### Short descriptive text snippets

↓↓↓

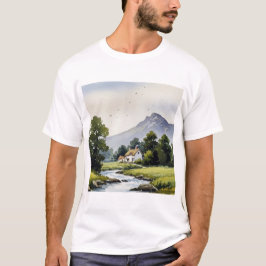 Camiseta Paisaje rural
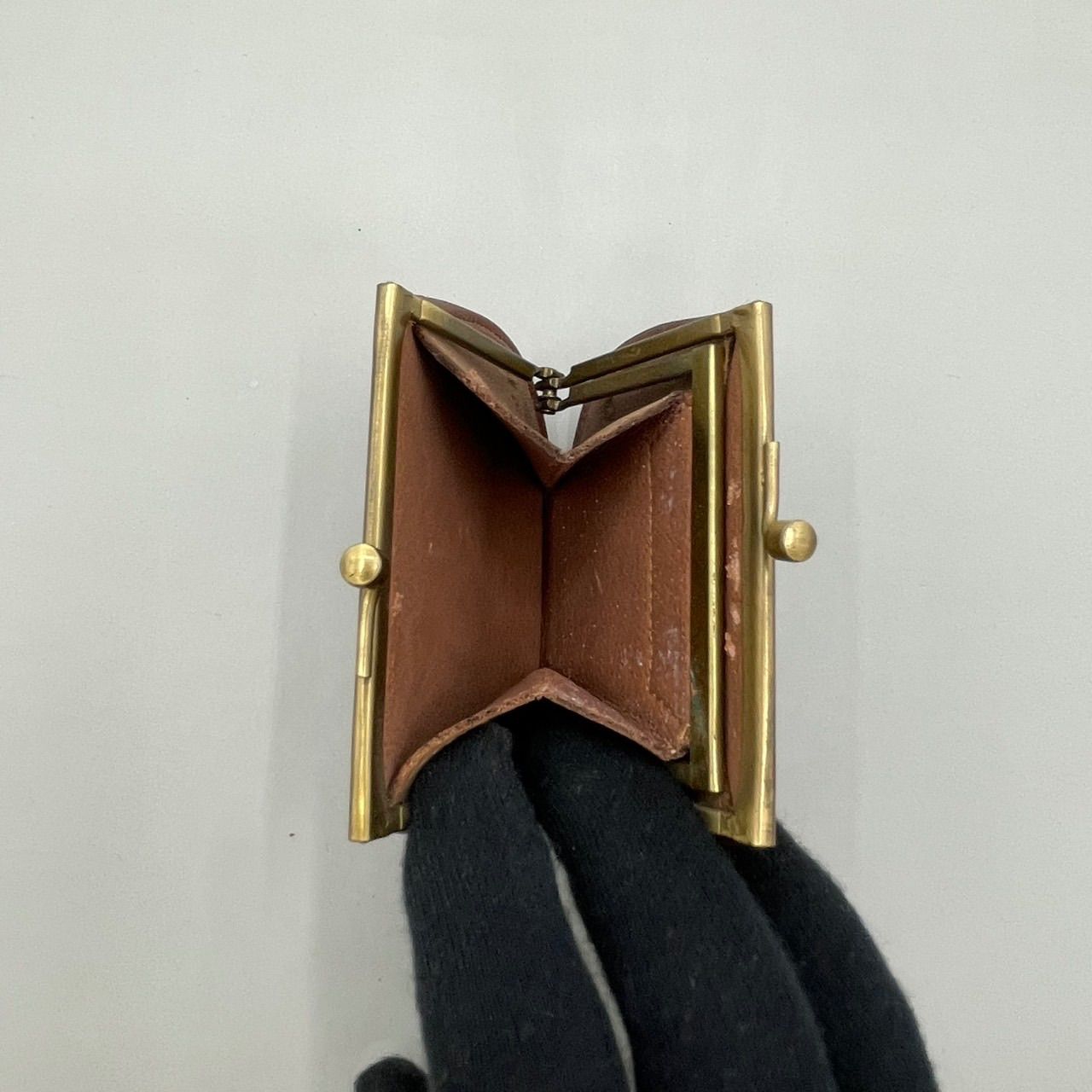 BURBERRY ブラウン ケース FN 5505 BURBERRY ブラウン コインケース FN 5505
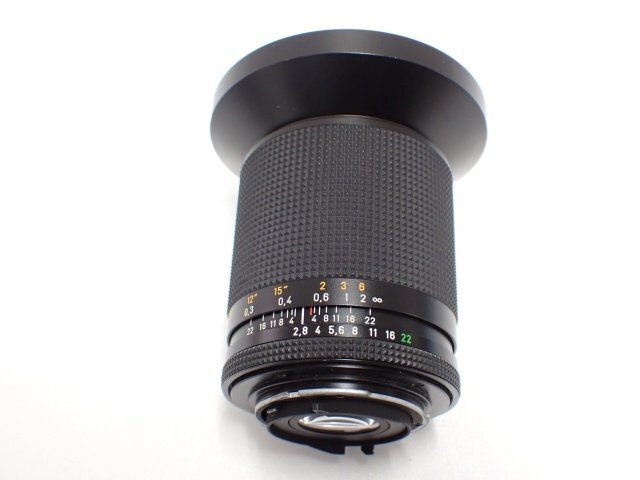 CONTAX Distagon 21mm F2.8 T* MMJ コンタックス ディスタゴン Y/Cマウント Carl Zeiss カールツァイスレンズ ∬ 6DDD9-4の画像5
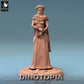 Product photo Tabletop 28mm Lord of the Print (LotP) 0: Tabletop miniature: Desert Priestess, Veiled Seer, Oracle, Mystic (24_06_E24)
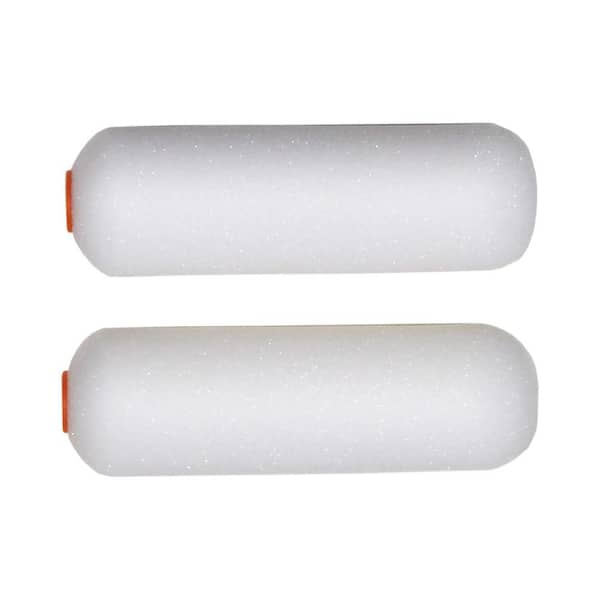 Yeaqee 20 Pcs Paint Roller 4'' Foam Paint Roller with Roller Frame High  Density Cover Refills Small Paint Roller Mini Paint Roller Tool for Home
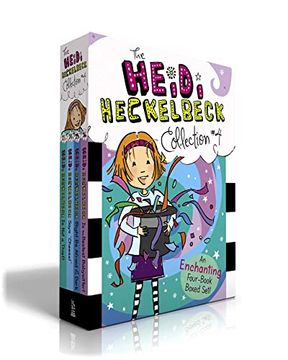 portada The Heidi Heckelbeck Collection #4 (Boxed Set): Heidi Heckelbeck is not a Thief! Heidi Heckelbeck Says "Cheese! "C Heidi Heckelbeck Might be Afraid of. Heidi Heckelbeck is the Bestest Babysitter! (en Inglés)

↑↑↑

Among the entries above, take the lines from the one with "CONTAX Distagon 21mm" through the one with "Product photo Tabletop" and retype them exactly, leaving out the pictures.

 CONTAX Distagon 21mm F2.8 T* MMJ コンタックス ディスタゴン Y/Cマウント Carl Zeiss カールツァイスレンズ ∬ 6DDD9-4の画像5
 Product photo Tabletop 28mm Lord of the Print (LotP) 0: Tabletop miniature: Desert Priestess, Veiled Seer, Oracle, Mystic (24_06_E24)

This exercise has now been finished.